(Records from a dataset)
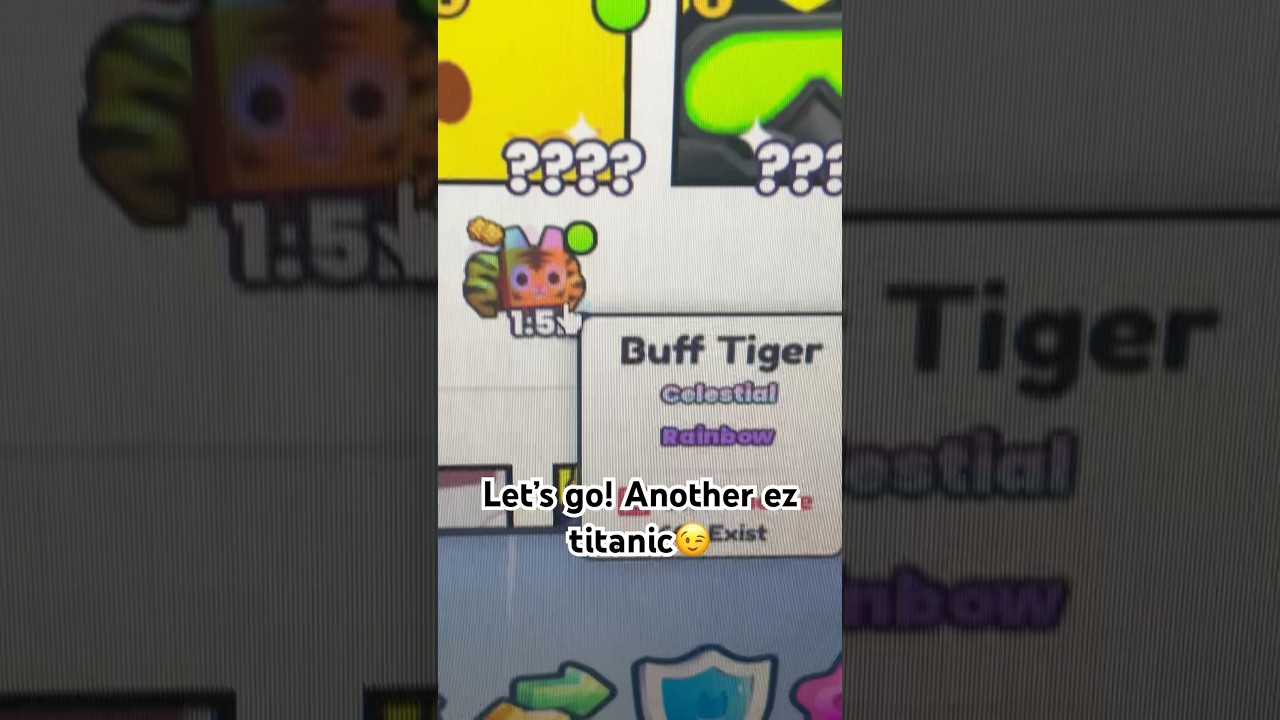 I Hatched A RAINBOW Buff Tiger In Pet Simulator 99! 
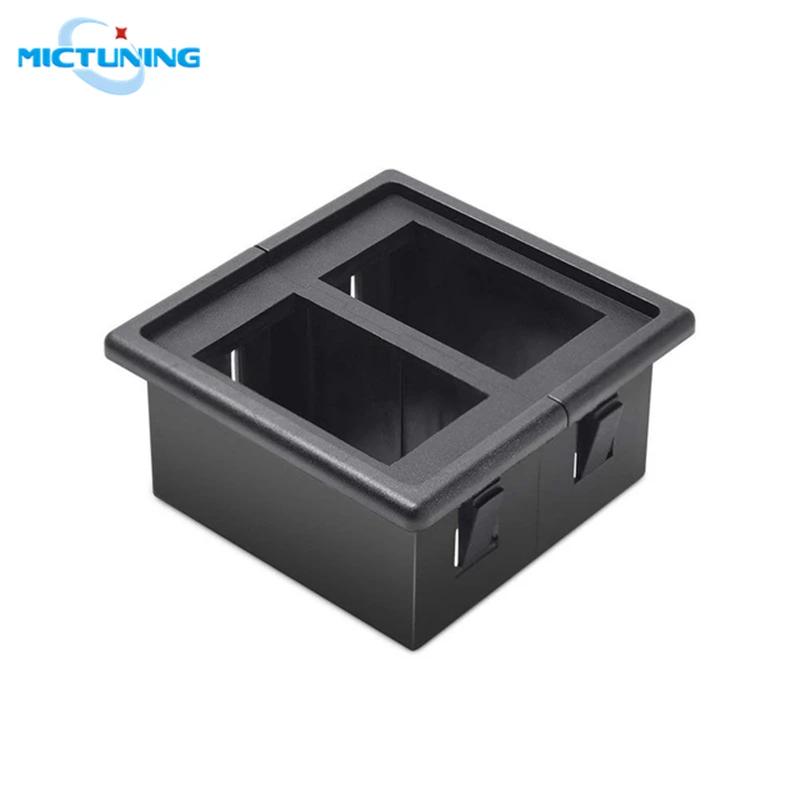2pcs Switch Holder MICTUNING Высокое Качество кулисный переключатель держатель панель Корпус Комплект огнестойкие автозапчасти аксессуары для транспортных средств морские лодки внедорожник ATV - Цвет: 2pcs Switch Holder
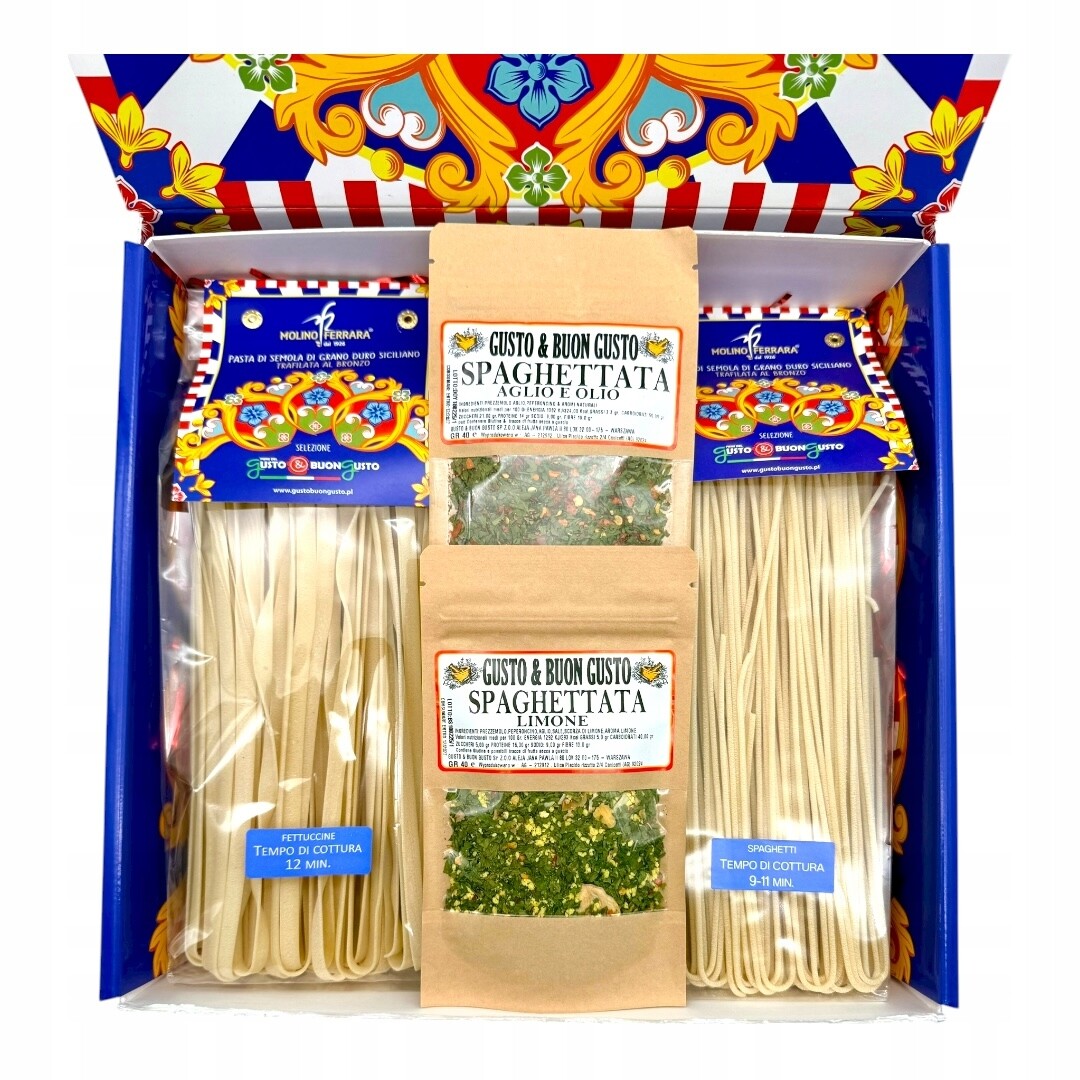 Sada těstovin a koření: Objevte pravé chutě Itálie! (1080 g)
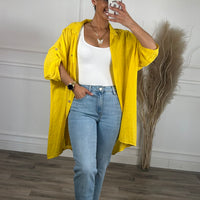 Camiseiro Amarelo de algodão Médio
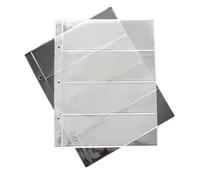 Stamp Banknote Paper Money Album Page Collecting Holder 4 Compartments Organizer PVC Collection Book Sheet Display Protection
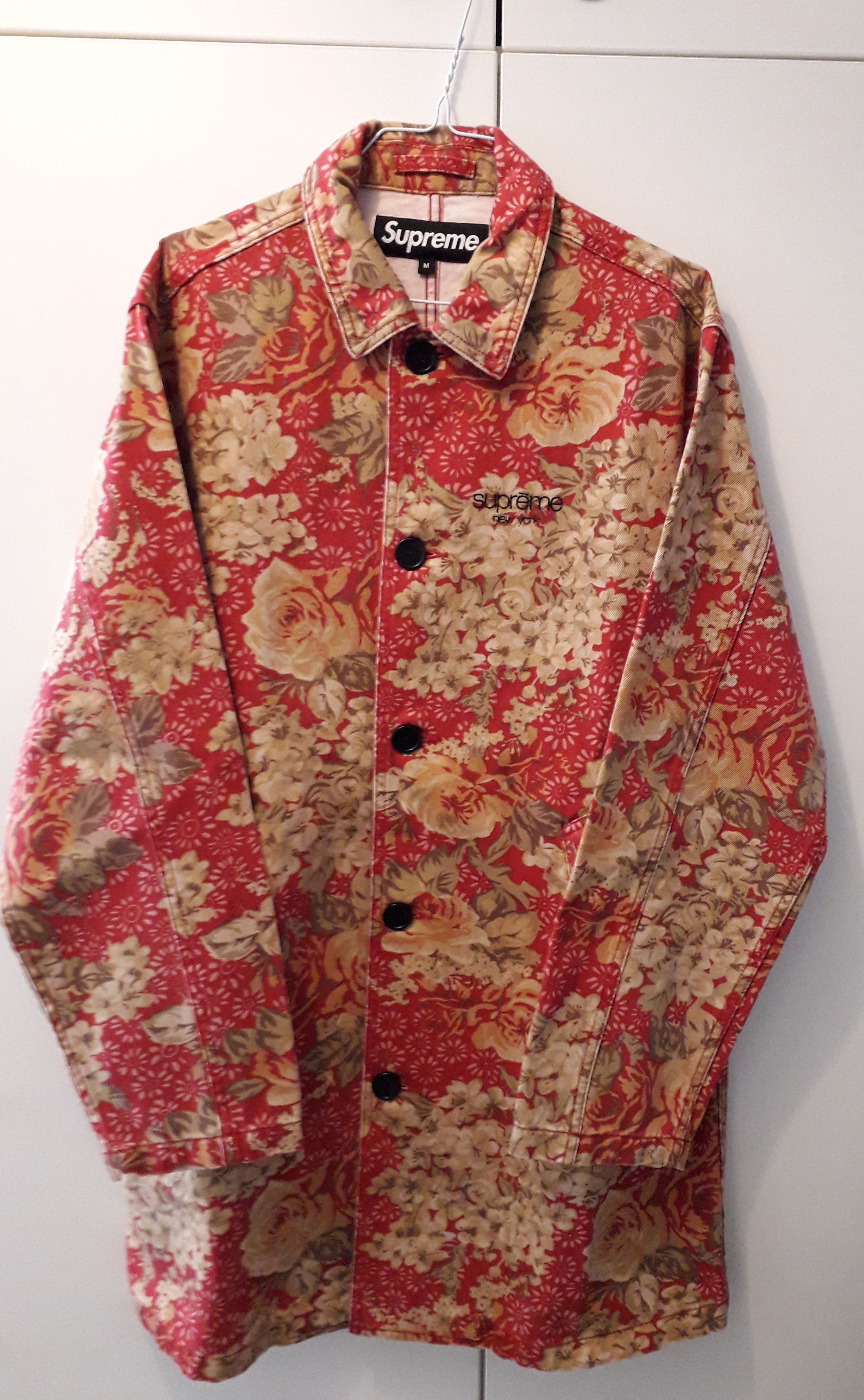 Supreme floral trench clearance coat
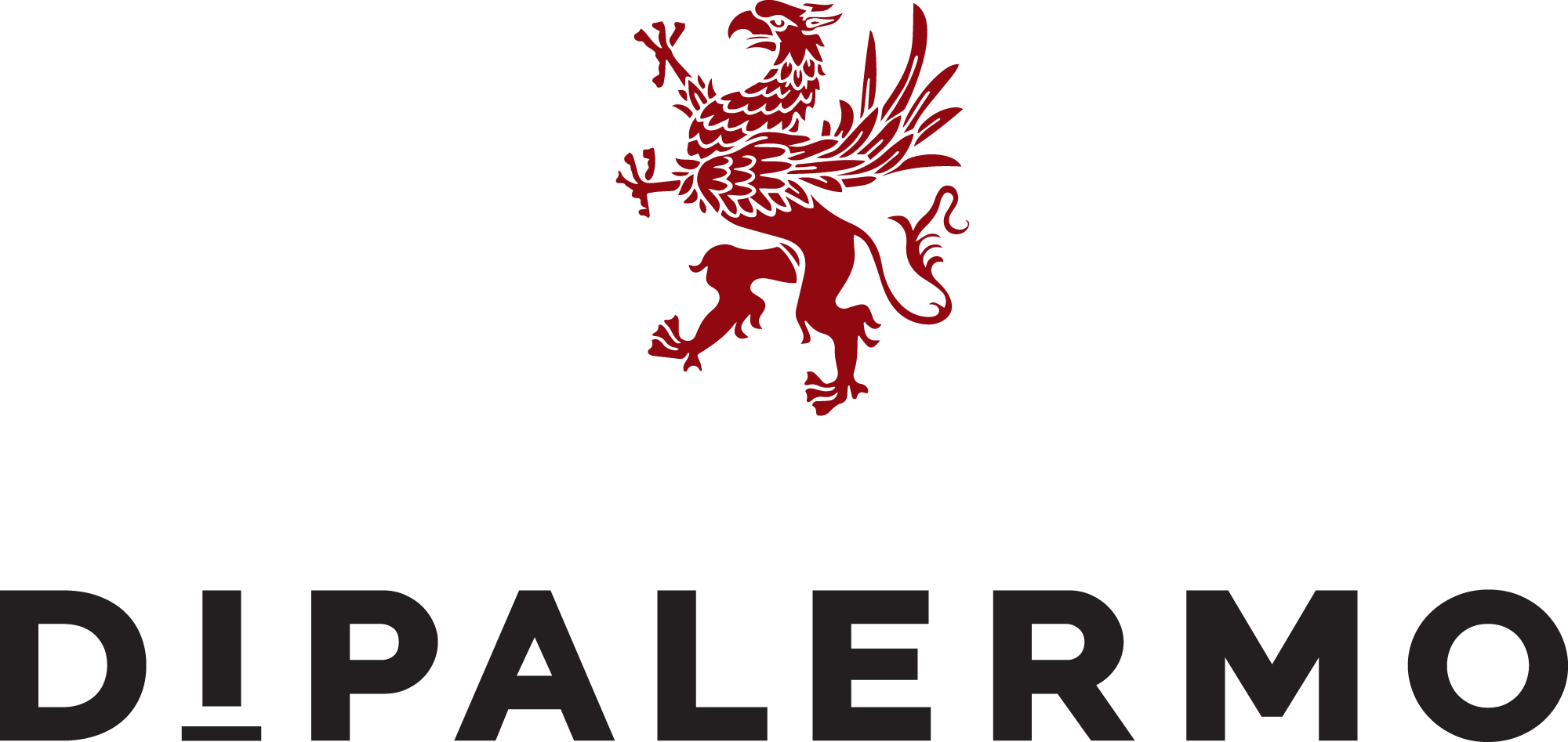 DiPalermo logo with red Griffin above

■ TASK INSTRUCTIONS
In repeating the lines above, keep the wording exact and leave every picture out.

■ REPLY
 I Hatched A RAINBOW Buff Tiger In Pet Simulator 99! 
2pcs Switch Holder MICTUNING Высокое Качество кулисный переключатель держатель панель Корпус Комплект огнестойкие автозапчасти аксессуары для транспортных средств морские лодки внедорожник ATV - Цвет: 2pcs Switch Holder
 Sada těstovin a koření: Objevte pravé chutě Itálie! (1080 g)
 Camiseiro Amarelo de algodão Médio
 Stamp Banknote Paper Money Album Page Collecting Holder 4 Compartments Organizer PVC Collection Book Sheet Display Protection
 Supreme floral trench clearance coat
 DiPalermo logo with red Griffin above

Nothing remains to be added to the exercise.